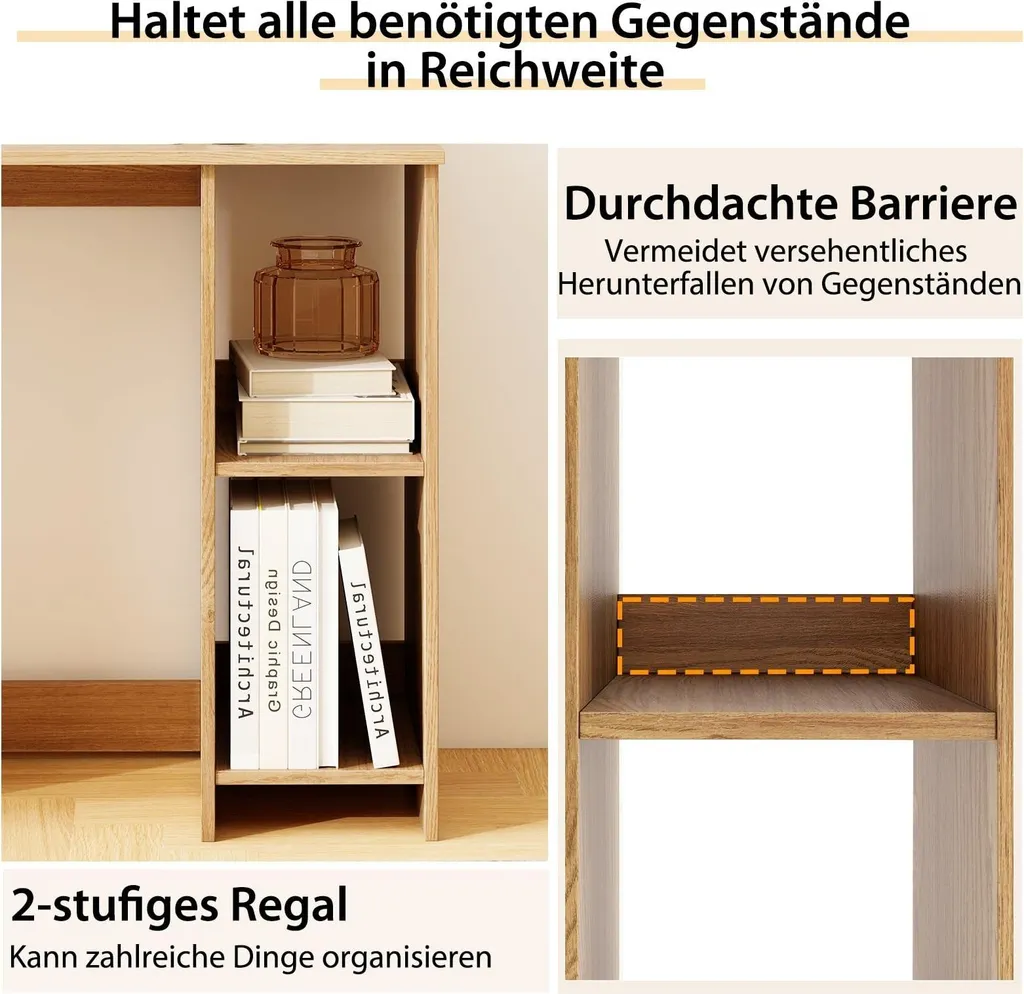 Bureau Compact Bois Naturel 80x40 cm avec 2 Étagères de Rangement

--

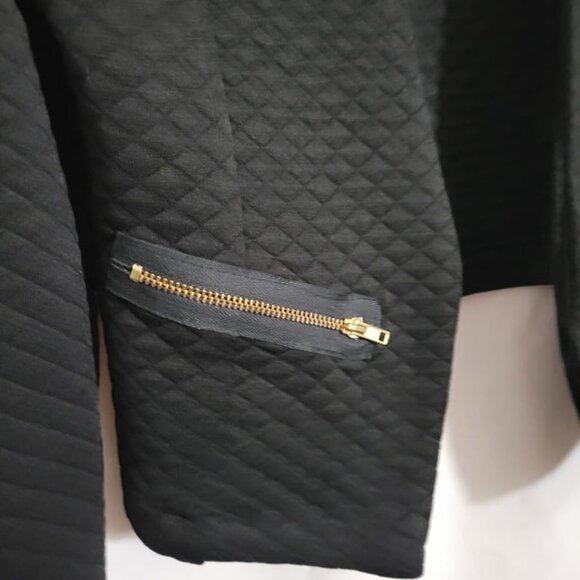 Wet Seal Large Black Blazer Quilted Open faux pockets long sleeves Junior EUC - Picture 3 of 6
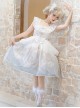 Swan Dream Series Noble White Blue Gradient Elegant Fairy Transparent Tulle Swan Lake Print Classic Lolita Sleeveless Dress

* _Task brief_
Copy the lines above exactly, starting with the line that contains "Wet Seal Large" and ending with the line that contains "Swan Dream Series", and leave out any pictures.

* _Exercise output_
 Wet Seal Large Black Blazer Quilted Open faux pockets long sleeves Junior EUC - Picture 3 of 6
 Swan Dream Series Noble White Blue Gradient Elegant Fairy Transparent Tulle Swan Lake Print Classic Lolita Sleeveless Dress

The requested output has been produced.